> Work request
Give back every line of the data, word for word.

++++ Dataset content ++++

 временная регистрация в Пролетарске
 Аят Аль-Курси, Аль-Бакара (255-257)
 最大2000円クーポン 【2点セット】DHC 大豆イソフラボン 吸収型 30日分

++++

> Answer box
 временная регистрация в Пролетарске
 Аят Аль-Курси, Аль-Бакара (255-257)
 最大2000円クーポン 【2点セット】DHC 大豆イソフラボン 吸収型 30日分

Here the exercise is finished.